Zoller Holds Modern Manufacturing Summit

Alexander Zoller, president of Zoller Inc.
ANN ARBOR, MI -- Zoller hosted its Technology Days & Smart Manufacturing Summit on May 13 and 14, 2026 at its North American headquarters in Ann Arbor, MI, bringing together manufacturers, industry leaders and technology partners for two days of direct, experience-driven dialogue on the realities of modern manufacturing. Held under the theme “Smart Manufacturing. Made Simple.” the event made one thing clear: Smart manufacturing is no longer defined by future concepts, but by how consistently companies execute disciplined connected workflows between tool management and shop-floor operations.
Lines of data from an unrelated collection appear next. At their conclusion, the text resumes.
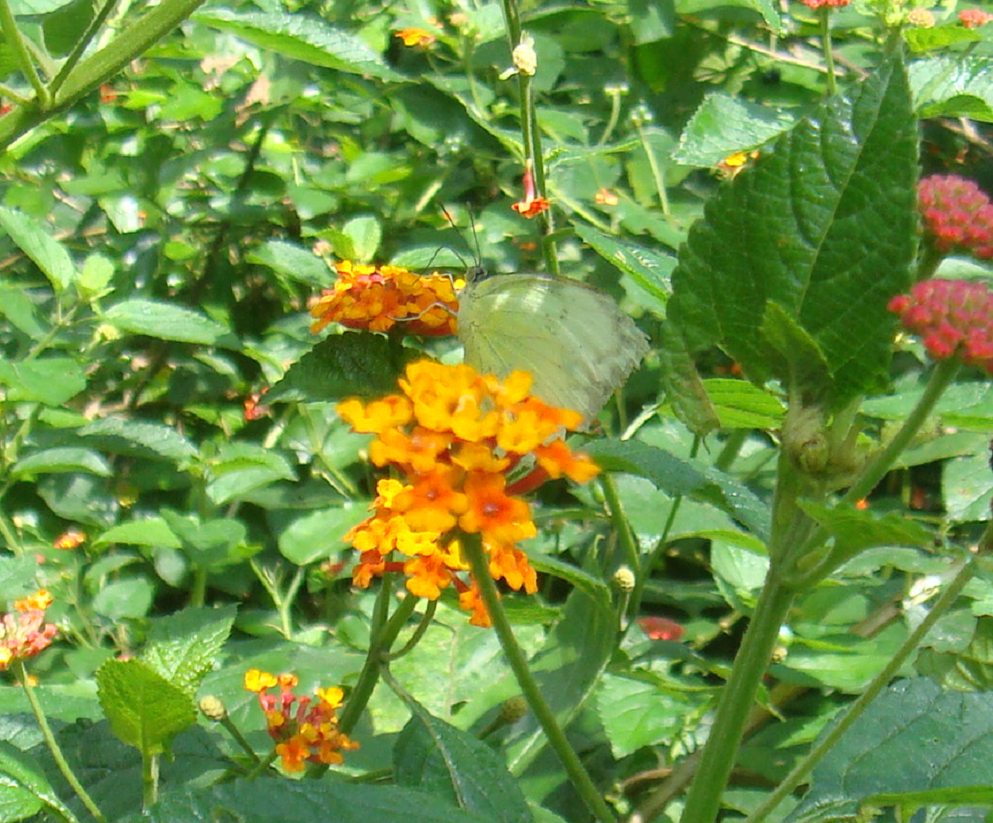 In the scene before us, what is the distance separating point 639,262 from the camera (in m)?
1.25

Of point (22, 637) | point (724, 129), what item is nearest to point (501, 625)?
point (22, 637)

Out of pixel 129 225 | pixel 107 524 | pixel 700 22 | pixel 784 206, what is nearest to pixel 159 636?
pixel 784 206

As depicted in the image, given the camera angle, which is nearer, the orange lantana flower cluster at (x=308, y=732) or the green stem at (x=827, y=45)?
the orange lantana flower cluster at (x=308, y=732)

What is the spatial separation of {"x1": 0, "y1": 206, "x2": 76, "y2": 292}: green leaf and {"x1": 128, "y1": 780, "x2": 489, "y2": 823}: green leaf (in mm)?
1374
Over the two days, it became evident that the experienced manufacturing leaders in the room are driving real progress by integrating data, process control and automation into tightly coordinated production environments, reducing variability and improving decision-making at every stage of the production process.
The program featured a strong lineup of industry voices, including Jeff Cederstrom, president of ARCH Cutting Tools; Peter Doyle, president of Hirsh Precision; Max Egan, president of Atlas Fibre; Frank Weisskopf, president of TTS Tooling Technology Supply; John Leppien II, president of GARR Tool, Tom Bassett II, president of Pro-Cam LLC and Walt Swenton, senior manager of advanced manufacturing at Eaton Aerospace, alongside Zoller leadership and customers actively implementing advanced manufacturing strategies.
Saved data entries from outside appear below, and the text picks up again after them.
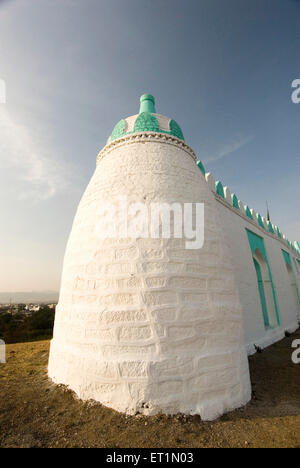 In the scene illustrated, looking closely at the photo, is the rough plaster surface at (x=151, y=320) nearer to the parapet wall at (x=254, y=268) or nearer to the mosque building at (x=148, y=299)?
the mosque building at (x=148, y=299)

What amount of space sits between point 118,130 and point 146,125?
0.76 m

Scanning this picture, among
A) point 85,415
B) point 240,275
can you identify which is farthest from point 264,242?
point 85,415

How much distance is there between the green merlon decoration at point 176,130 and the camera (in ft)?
18.5

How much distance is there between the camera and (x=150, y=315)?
3463 millimetres

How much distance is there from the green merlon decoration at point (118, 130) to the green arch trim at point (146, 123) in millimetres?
345

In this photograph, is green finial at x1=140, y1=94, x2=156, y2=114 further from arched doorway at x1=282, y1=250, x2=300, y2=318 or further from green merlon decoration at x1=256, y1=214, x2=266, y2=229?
arched doorway at x1=282, y1=250, x2=300, y2=318

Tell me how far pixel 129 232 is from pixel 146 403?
104 inches

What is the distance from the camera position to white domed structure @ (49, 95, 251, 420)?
3279 mm

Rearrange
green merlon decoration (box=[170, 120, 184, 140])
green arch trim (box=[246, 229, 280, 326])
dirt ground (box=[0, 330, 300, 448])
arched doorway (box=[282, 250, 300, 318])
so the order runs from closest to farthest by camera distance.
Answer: dirt ground (box=[0, 330, 300, 448]) → green merlon decoration (box=[170, 120, 184, 140]) → green arch trim (box=[246, 229, 280, 326]) → arched doorway (box=[282, 250, 300, 318])

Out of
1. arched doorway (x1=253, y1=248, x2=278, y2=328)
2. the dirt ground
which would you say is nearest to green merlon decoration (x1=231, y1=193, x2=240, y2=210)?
arched doorway (x1=253, y1=248, x2=278, y2=328)

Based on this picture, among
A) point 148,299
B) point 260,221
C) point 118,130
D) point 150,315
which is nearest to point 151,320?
point 150,315

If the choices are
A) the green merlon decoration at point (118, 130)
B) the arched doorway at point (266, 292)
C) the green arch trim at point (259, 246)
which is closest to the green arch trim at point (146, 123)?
the green merlon decoration at point (118, 130)

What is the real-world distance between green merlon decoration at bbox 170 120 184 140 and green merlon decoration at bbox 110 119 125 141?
1259mm

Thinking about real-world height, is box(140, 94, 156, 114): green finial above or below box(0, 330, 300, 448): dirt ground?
above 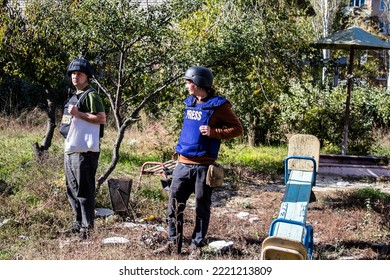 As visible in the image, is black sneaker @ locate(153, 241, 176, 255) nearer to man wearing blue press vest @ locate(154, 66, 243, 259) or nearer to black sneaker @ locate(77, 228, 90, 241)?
man wearing blue press vest @ locate(154, 66, 243, 259)

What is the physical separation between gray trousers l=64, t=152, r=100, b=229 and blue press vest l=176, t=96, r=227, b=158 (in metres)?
0.99

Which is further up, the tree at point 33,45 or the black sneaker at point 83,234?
the tree at point 33,45

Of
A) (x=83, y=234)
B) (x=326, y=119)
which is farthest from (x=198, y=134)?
(x=326, y=119)

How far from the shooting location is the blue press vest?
502cm

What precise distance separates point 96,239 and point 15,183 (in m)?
2.34

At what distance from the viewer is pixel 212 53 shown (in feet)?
23.2

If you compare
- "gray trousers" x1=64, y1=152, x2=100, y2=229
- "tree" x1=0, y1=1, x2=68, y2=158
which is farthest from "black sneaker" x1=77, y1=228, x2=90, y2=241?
"tree" x1=0, y1=1, x2=68, y2=158

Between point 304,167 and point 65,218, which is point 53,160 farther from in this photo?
point 304,167

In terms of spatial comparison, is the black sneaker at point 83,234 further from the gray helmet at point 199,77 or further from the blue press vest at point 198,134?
the gray helmet at point 199,77

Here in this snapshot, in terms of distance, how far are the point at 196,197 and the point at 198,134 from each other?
588 mm

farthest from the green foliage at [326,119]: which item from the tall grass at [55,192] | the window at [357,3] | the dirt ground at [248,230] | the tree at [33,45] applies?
the window at [357,3]

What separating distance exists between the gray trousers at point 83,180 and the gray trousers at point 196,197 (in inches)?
35.7

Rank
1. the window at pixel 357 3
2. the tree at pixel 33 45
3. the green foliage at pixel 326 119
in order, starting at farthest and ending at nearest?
the window at pixel 357 3
the green foliage at pixel 326 119
the tree at pixel 33 45

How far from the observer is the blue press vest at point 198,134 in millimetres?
5023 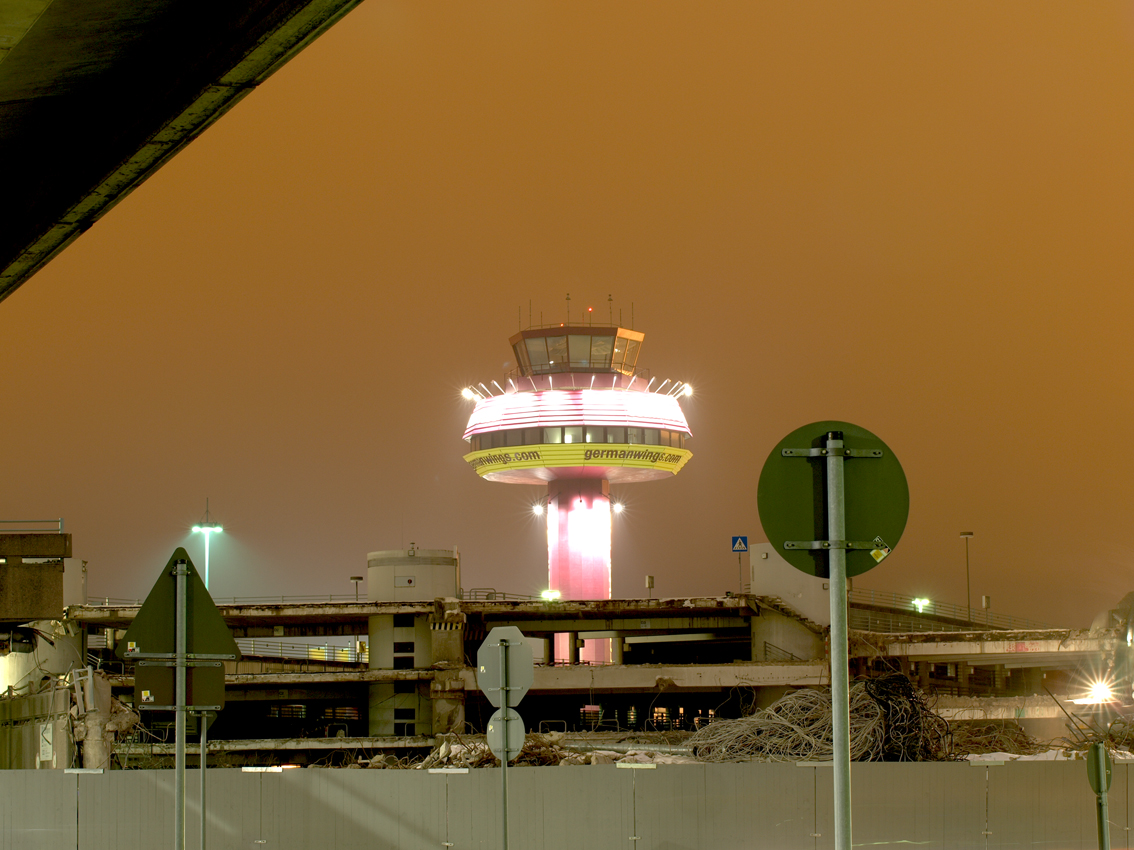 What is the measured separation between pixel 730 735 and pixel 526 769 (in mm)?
8996

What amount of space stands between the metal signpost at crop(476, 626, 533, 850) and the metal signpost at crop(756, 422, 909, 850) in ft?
21.5

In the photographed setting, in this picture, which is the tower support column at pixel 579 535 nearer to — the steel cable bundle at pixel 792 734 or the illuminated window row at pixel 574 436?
the illuminated window row at pixel 574 436

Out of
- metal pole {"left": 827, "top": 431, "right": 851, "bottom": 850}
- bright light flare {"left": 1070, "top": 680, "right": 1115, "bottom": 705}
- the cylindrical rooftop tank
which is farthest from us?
the cylindrical rooftop tank

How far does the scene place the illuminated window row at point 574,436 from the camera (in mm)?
70812

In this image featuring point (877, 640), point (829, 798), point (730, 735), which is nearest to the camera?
point (829, 798)

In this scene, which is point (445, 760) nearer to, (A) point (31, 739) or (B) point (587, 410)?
(A) point (31, 739)

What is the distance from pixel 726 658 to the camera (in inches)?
2746

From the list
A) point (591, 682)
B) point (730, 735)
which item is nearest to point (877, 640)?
point (591, 682)

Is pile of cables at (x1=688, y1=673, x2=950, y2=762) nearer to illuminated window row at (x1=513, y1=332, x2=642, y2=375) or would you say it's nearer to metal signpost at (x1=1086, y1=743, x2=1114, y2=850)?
metal signpost at (x1=1086, y1=743, x2=1114, y2=850)

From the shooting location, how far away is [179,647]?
25.6 ft

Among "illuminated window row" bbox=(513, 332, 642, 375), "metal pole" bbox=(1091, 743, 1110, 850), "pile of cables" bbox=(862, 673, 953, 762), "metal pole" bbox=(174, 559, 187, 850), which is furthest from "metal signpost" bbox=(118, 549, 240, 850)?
"illuminated window row" bbox=(513, 332, 642, 375)

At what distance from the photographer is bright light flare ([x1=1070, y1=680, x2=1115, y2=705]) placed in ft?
147

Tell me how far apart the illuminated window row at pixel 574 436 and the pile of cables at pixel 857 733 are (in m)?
45.8

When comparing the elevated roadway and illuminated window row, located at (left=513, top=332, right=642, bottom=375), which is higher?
illuminated window row, located at (left=513, top=332, right=642, bottom=375) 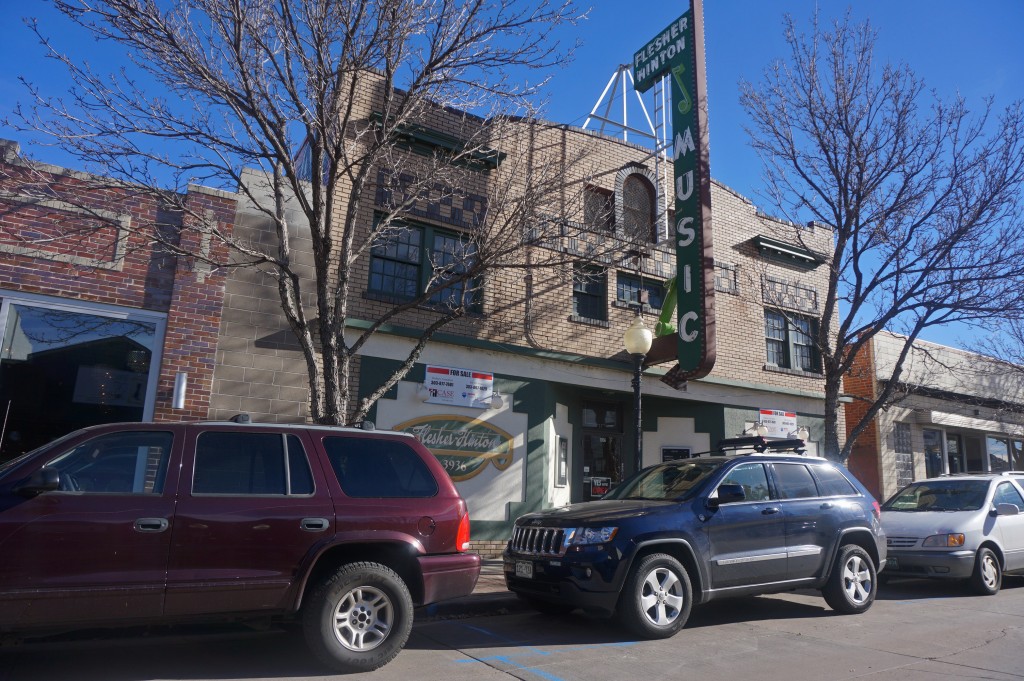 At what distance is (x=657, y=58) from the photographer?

Across keynote presentations, customer discussions and peer exchange, a consistent theme emerged that the gap between companies talking about digitalization and those executing it continues to widen. “We designed this event to move beyond traditional formats and create a space for real dialogue between experienced manufacturing leaders,” said Rita Conroy-Martin, director of marketing & CX at Zoller Inc. “The level of openness in the room showed that manufacturers are actively working through these challenges and looking for practical ways to bring greater control and consistency into their operations.”
As digital manufacturing continues to mature, collaboration between tooling systems, machine tools and process intelligence is no longer optional, it is becoming the foundation for sustainable productivity gains.
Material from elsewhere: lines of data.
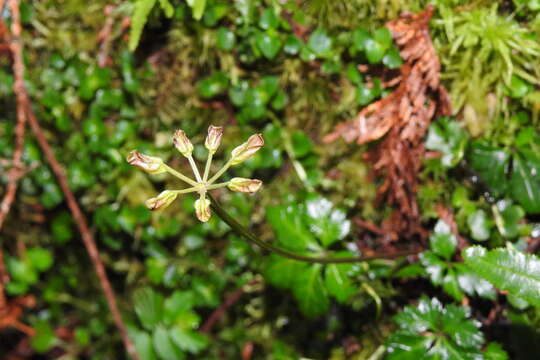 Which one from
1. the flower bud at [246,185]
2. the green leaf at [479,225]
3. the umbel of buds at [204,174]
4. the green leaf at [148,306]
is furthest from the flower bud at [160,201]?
the green leaf at [148,306]

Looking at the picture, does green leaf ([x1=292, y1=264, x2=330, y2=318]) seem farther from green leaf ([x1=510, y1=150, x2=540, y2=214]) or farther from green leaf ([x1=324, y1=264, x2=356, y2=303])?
green leaf ([x1=510, y1=150, x2=540, y2=214])

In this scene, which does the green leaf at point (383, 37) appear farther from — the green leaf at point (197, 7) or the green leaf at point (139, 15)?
the green leaf at point (139, 15)

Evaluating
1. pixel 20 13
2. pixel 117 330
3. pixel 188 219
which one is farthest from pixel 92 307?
pixel 20 13

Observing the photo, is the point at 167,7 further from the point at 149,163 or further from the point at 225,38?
the point at 149,163

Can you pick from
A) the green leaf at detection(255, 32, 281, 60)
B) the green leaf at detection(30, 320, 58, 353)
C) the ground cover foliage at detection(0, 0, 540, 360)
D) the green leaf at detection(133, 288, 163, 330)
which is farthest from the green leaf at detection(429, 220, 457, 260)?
the green leaf at detection(30, 320, 58, 353)

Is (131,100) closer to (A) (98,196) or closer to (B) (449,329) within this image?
(A) (98,196) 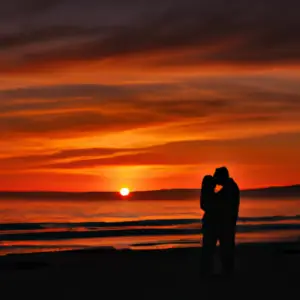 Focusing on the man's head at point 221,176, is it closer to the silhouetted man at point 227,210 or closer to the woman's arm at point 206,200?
the silhouetted man at point 227,210

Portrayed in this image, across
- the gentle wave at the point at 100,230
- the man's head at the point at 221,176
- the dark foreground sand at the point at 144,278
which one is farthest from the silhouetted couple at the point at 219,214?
the gentle wave at the point at 100,230

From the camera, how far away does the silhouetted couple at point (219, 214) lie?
1429cm

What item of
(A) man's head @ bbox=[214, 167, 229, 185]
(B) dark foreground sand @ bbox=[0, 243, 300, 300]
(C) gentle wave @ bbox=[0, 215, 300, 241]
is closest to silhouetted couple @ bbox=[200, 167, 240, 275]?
(A) man's head @ bbox=[214, 167, 229, 185]

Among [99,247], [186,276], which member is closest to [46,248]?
[99,247]

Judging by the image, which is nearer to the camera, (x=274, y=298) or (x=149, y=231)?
(x=274, y=298)

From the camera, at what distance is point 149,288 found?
1311 centimetres

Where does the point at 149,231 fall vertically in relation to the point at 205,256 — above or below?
above

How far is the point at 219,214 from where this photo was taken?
1437 centimetres

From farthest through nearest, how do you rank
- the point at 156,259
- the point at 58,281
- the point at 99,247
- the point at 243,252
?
the point at 99,247 → the point at 243,252 → the point at 156,259 → the point at 58,281

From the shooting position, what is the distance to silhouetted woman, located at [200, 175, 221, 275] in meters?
14.3

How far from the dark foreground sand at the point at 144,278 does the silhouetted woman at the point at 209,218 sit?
324mm

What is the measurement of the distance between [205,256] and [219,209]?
2.89ft

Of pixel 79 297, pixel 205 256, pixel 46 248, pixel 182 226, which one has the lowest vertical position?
pixel 79 297

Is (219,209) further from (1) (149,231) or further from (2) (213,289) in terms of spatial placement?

“Efficiency today is not about isolated improvements, it’s about how everything works together,” said Alexander Zoller, president of Zoller Inc. “The companies making real progress are not necessarily the ones investing the most, but the ones executing with discipline, connecting tool data, preparation and machine integration into a single consistent process.”
What distinguished the event was the level of engagement and candor among attendees. These were not passive participants, but experienced leaders openly sharing where they are seeing success, where challenges remain and what it takes to scale performance across multiple locations. That reality was reflected in broader discussions around supply chain instability and material cost volatility, particularly the escalating pricing of tungsten carbide and its downstream impact on production, margins and competitiveness. Jeff Cederstrom, president of ARCH Cutting Tools, shared firsthand perspective on the issue, including recent engagement at the federal level, highlighting the growing pressure manufacturers are facing and the need for greater operational control in response.